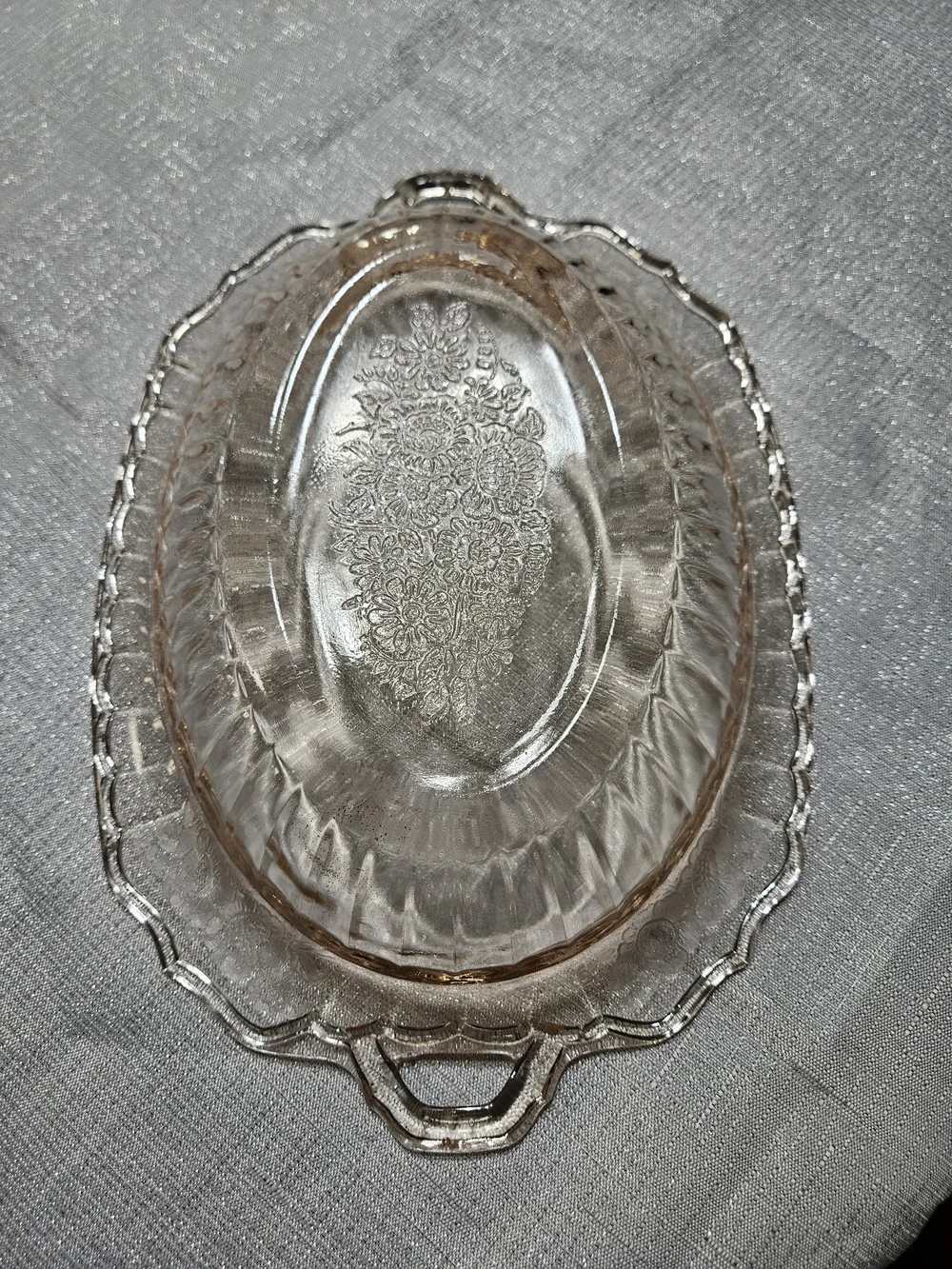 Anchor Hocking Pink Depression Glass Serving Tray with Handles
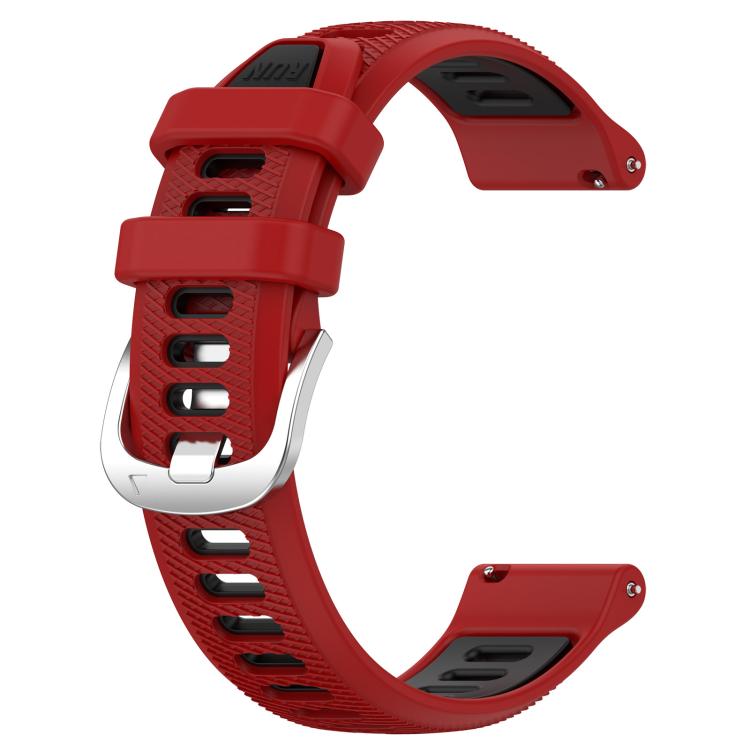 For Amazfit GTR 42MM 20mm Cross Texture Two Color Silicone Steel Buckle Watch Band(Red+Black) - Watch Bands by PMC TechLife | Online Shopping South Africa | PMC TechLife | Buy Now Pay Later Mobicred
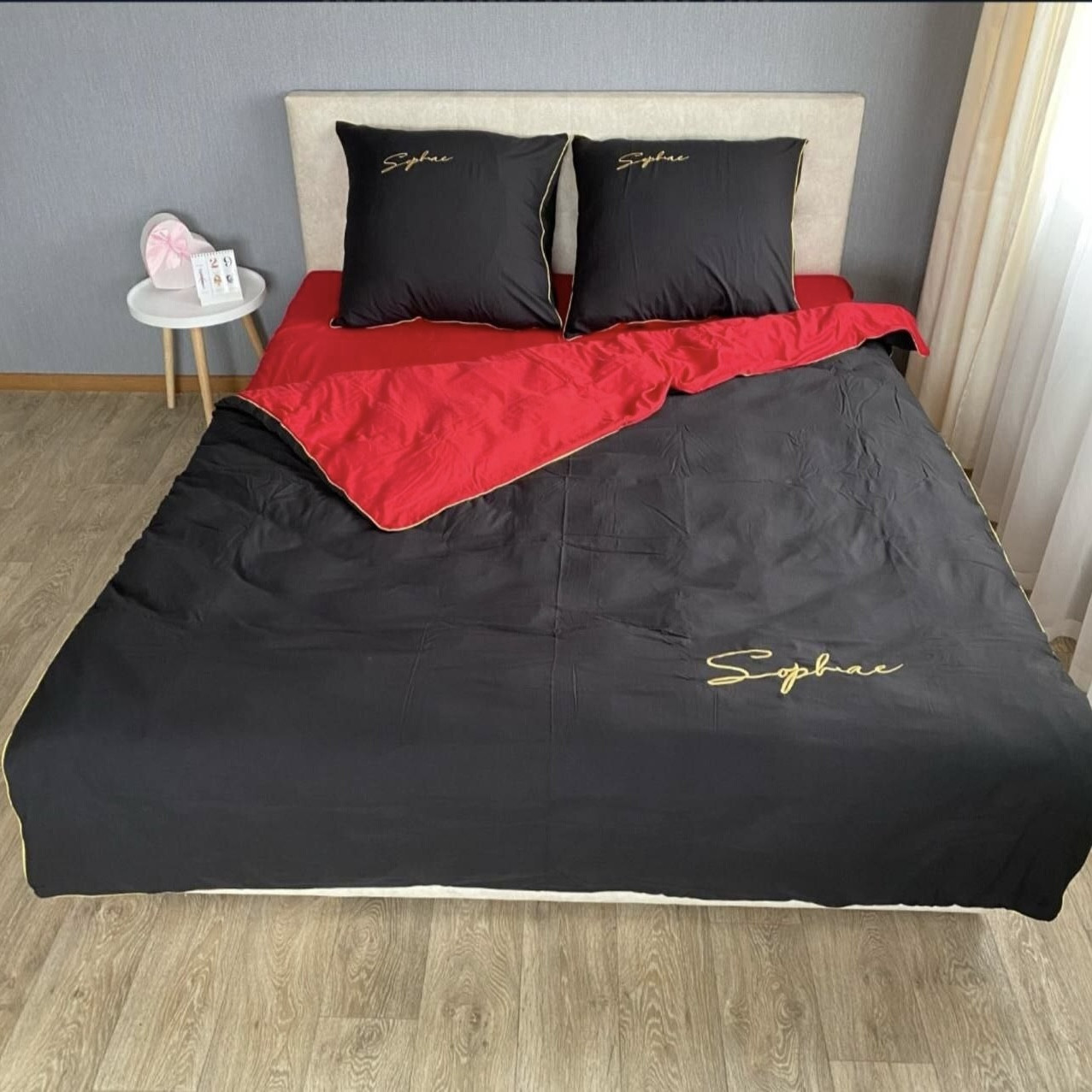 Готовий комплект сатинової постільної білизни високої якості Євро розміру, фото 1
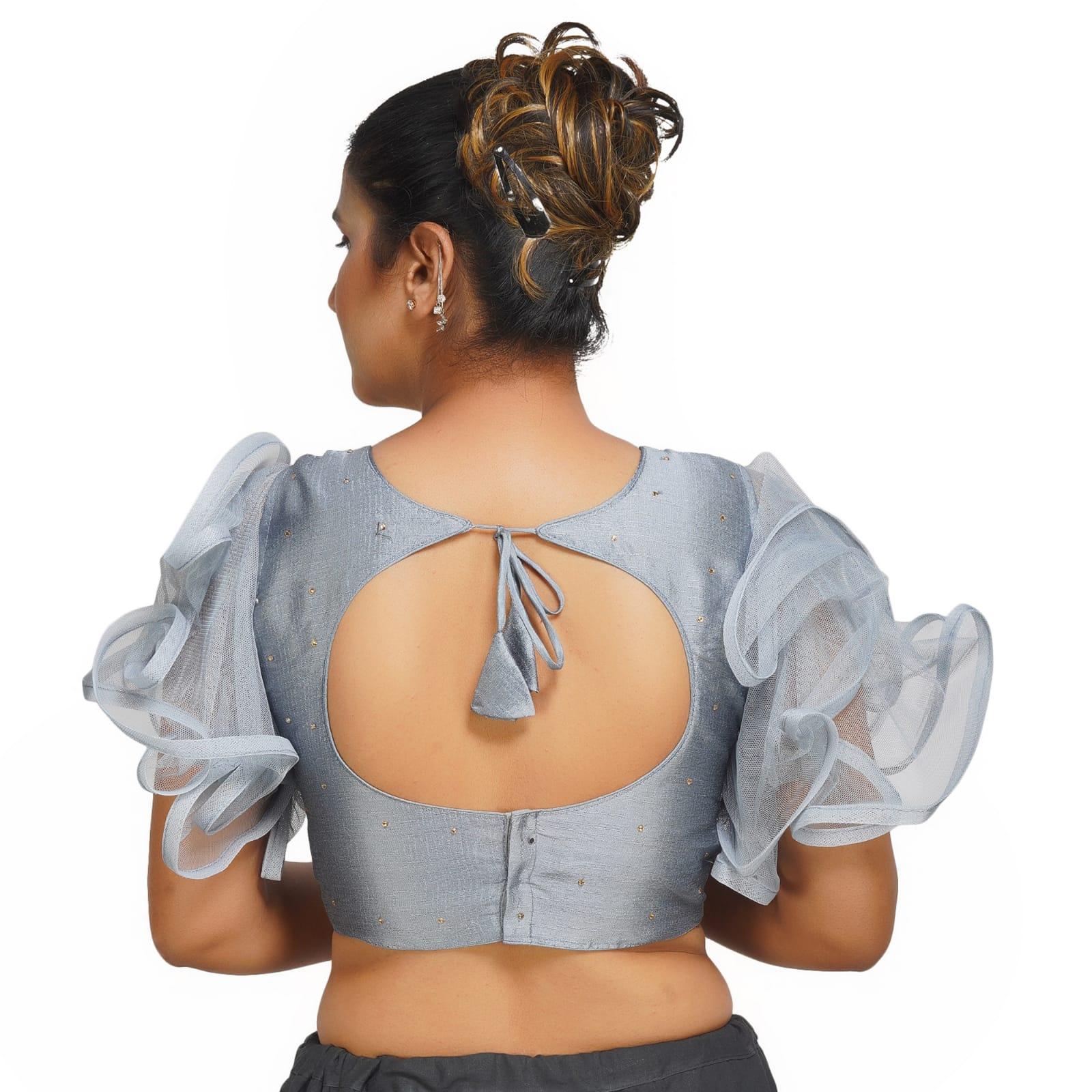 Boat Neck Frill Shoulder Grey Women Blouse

────────────────────

◆ **Exercise instructions**
Lines from the one that contains "Готовий комплект сатинової" to the final line of the material are the whole answer. Reproduce them word for word and skip the pictures.

◆ **Written answer**
 Готовий комплект сатинової постільної білизни високої якості Євро розміру, фото 1
 Boat Neck Frill Shoulder Grey Women Blouse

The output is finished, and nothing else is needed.